# Exercise description:
Copy the lines below exactly. Start at the first and finish with the line containing "#wangyibo #wangyibo王一博 #yibo".
※ ※ ※
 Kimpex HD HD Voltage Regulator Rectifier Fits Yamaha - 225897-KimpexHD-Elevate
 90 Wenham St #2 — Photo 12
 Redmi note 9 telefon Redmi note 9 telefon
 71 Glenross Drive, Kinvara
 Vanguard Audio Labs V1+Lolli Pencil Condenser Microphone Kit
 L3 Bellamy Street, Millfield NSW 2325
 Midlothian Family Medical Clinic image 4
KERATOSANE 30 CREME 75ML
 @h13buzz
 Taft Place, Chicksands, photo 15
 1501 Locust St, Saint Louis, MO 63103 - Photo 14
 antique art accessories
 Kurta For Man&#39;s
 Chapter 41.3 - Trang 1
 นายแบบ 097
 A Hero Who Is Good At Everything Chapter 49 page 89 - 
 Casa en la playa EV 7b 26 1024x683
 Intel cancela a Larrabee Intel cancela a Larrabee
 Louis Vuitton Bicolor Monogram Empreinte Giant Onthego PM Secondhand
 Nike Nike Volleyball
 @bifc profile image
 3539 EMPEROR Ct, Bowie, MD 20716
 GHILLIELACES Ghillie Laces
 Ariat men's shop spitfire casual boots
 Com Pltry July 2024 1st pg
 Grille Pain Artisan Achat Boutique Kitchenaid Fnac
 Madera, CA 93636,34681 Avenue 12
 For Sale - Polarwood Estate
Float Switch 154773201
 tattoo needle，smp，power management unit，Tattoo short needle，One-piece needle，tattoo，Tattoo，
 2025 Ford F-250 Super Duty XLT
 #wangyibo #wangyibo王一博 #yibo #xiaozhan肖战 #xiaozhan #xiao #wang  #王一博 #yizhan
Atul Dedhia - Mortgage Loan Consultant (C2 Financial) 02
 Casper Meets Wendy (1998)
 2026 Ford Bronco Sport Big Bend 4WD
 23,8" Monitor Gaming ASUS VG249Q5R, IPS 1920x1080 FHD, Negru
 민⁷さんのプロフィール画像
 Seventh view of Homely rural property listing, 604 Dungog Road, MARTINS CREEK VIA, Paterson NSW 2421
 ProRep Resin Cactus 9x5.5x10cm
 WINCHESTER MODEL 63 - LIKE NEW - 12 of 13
※ ※ ※
# Your solution:
 Kimpex HD HD Voltage Regulator Rectifier Fits Yamaha - 225897-KimpexHD-Elevate
 90 Wenham St #2 — Photo 12
 Redmi note 9 telefon Redmi note 9 telefon
 71 Glenross Drive, Kinvara
 Vanguard Audio Labs V1+Lolli Pencil Condenser Microphone Kit
 L3 Bellamy Street, Millfield NSW 2325
 Midlothian Family Medical Clinic image 4
KERATOSANE 30 CREME 75ML
 @h13buzz
 Taft Place, Chicksands, photo 15
 1501 Locust St, Saint Louis, MO 63103 - Photo 14
 antique art accessories
 Kurta For Man&#39;s
 Chapter 41.3 - Trang 1
 นายแบบ 097
 A Hero Who Is Good At Everything Chapter 49 page 89 - 
 Casa en la playa EV 7b 26 1024x683
 Intel cancela a Larrabee Intel cancela a Larrabee
 Louis Vuitton Bicolor Monogram Empreinte Giant Onthego PM Secondhand
 Nike Nike Volleyball
 @bifc profile image
 3539 EMPEROR Ct, Bowie, MD 20716
 GHILLIELACES Ghillie Laces
 Ariat men's shop spitfire casual boots
 Com Pltry July 2024 1st pg
 Grille Pain Artisan Achat Boutique Kitchenaid Fnac
 Madera, CA 93636,34681 Avenue 12
 For Sale - Polarwood Estate
Float Switch 154773201
 tattoo needle，smp，power management unit，Tattoo short needle，One-piece needle，tattoo，Tattoo，
 2025 Ford F-250 Super Duty XLT
 #wangyibo #wangyibo王一博 #yibo #xiaozhan肖战 #xiaozhan #xiao #wang  #王一博 #yizhan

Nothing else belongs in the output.